#### [EXERCISE GOAL]
Find the line containing "Manga-lc-com อ่านมังงะ อ่านการ์ตูน" in the records below. Copy exactly that line and each one after it, ending at the line containing "热感冒有什么小技巧,热感冒应注意事项", and nothing more.

#### [TASK DATA]
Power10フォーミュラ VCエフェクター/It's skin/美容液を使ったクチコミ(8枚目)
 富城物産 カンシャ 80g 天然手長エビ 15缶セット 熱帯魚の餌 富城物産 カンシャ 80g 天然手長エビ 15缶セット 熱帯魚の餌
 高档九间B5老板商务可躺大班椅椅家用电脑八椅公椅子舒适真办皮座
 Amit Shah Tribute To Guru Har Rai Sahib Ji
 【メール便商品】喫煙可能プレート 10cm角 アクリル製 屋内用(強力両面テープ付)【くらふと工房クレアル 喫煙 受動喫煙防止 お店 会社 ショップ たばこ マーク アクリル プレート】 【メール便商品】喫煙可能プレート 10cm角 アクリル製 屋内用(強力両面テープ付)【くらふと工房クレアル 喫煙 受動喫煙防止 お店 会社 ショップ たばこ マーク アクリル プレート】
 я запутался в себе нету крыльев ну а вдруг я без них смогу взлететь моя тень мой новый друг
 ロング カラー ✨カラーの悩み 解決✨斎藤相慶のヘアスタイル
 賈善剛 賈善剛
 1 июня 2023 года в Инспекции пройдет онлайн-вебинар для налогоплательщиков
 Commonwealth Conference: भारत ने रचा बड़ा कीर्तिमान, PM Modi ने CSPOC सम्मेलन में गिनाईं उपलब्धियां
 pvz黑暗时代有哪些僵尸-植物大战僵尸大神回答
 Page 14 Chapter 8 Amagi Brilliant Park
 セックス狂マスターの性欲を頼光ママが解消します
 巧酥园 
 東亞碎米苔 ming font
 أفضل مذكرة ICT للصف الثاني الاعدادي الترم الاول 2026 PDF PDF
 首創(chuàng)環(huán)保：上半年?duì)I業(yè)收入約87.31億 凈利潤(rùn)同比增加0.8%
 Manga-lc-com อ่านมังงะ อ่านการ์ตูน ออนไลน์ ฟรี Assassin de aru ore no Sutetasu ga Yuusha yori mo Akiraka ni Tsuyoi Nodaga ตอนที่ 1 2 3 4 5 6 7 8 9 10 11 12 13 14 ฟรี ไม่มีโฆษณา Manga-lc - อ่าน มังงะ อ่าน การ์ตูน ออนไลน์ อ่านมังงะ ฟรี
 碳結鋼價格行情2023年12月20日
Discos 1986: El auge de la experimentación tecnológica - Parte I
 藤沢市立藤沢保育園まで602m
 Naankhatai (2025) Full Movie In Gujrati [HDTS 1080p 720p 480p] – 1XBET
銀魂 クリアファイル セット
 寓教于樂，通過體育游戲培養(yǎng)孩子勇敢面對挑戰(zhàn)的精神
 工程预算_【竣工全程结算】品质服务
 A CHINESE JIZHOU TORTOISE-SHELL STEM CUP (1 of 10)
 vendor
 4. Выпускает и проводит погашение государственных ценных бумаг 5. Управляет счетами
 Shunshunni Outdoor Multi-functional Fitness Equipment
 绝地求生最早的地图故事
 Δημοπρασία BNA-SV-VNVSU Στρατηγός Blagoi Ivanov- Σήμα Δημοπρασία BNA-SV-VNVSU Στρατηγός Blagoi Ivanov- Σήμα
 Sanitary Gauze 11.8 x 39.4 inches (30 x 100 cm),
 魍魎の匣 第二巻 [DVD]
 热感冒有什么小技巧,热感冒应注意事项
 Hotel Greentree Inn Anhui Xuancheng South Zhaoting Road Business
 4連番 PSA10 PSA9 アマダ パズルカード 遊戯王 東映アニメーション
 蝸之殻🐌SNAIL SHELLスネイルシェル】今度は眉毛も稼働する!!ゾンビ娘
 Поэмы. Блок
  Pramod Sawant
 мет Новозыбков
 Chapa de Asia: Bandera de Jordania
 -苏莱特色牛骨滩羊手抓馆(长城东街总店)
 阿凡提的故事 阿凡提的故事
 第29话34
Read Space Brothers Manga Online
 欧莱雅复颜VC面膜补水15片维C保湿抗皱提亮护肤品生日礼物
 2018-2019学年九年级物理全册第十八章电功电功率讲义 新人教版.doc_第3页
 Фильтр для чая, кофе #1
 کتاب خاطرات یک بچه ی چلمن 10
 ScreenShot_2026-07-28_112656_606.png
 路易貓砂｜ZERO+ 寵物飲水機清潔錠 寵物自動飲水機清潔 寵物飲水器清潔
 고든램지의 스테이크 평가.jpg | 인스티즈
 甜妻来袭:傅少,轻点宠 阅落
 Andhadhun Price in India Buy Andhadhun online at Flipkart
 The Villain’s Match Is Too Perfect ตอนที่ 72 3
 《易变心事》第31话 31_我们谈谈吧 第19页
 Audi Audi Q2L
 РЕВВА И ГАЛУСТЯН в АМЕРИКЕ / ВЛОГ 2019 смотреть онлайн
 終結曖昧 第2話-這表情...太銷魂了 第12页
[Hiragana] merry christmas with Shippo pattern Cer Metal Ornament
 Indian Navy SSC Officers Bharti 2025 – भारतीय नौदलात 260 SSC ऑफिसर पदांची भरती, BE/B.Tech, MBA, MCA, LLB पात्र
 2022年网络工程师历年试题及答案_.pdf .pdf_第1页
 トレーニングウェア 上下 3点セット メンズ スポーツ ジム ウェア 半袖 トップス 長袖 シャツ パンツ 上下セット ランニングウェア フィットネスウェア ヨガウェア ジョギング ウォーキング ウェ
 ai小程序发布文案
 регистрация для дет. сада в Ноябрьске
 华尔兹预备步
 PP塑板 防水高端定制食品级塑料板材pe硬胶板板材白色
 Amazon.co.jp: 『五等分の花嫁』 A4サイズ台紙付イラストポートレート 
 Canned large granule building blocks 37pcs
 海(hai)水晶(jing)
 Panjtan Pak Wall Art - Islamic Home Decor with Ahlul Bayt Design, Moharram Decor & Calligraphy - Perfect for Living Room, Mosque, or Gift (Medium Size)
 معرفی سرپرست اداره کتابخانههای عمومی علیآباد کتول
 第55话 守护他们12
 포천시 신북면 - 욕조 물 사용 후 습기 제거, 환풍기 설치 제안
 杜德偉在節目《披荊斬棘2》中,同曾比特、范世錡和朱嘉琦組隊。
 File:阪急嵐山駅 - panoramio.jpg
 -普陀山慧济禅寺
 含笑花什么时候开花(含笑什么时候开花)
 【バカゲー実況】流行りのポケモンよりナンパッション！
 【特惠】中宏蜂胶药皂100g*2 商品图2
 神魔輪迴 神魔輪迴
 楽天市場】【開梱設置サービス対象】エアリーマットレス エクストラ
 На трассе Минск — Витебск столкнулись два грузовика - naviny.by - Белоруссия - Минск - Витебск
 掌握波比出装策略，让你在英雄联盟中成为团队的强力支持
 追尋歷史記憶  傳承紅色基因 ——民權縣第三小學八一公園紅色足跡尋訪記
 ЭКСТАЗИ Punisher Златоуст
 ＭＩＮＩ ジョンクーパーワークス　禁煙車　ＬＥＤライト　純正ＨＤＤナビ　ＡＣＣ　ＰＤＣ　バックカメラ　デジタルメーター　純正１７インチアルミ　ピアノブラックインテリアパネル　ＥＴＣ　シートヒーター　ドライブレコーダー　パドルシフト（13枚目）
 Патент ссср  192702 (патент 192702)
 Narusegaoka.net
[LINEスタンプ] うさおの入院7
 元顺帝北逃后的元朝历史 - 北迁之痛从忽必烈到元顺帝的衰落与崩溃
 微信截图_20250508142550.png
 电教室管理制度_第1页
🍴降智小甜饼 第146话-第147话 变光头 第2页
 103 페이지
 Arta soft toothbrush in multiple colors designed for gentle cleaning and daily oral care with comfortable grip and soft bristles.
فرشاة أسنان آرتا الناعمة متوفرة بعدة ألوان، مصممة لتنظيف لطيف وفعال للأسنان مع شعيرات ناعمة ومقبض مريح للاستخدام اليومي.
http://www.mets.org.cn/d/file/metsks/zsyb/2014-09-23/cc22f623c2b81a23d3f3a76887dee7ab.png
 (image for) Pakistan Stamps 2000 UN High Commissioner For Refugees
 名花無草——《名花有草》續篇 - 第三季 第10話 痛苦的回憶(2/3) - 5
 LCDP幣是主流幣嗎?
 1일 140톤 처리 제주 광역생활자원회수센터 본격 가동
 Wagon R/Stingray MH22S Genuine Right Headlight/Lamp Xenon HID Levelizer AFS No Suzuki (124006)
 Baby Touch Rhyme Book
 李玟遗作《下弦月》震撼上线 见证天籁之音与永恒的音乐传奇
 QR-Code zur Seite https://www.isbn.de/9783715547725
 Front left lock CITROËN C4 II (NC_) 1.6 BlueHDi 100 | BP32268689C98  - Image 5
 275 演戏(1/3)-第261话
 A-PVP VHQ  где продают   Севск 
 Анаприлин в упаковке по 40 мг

#### [PROBLEM SOLUTION]
 Manga-lc-com อ่านมังงะ อ่านการ์ตูน ออนไลน์ ฟรี Assassin de aru ore no Sutetasu ga Yuusha yori mo Akiraka ni Tsuyoi Nodaga ตอนที่ 1 2 3 4 5 6 7 8 9 10 11 12 13 14 ฟรี ไม่มีโฆษณา Manga-lc - อ่าน มังงะ อ่าน การ์ตูน ออนไลน์ อ่านมังงะ ฟรี
 碳結鋼價格行情2023年12月20日
Discos 1986: El auge de la experimentación tecnológica - Parte I
 藤沢市立藤沢保育園まで602m
 Naankhatai (2025) Full Movie In Gujrati [HDTS 1080p 720p 480p] – 1XBET
銀魂 クリアファイル セット
 寓教于樂，通過體育游戲培養(yǎng)孩子勇敢面對挑戰(zhàn)的精神
 工程预算_【竣工全程结算】品质服务
 A CHINESE JIZHOU TORTOISE-SHELL STEM CUP (1 of 10)
 vendor
 4. Выпускает и проводит погашение государственных ценных бумаг 5. Управляет счетами
 Shunshunni Outdoor Multi-functional Fitness Equipment
 绝地求生最早的地图故事
 Δημοπρασία BNA-SV-VNVSU Στρατηγός Blagoi Ivanov- Σήμα Δημοπρασία BNA-SV-VNVSU Στρατηγός Blagoi Ivanov- Σήμα
 Sanitary Gauze 11.8 x 39.4 inches (30 x 100 cm),
 魍魎の匣 第二巻 [DVD]
 热感冒有什么小技巧,热感冒应注意事项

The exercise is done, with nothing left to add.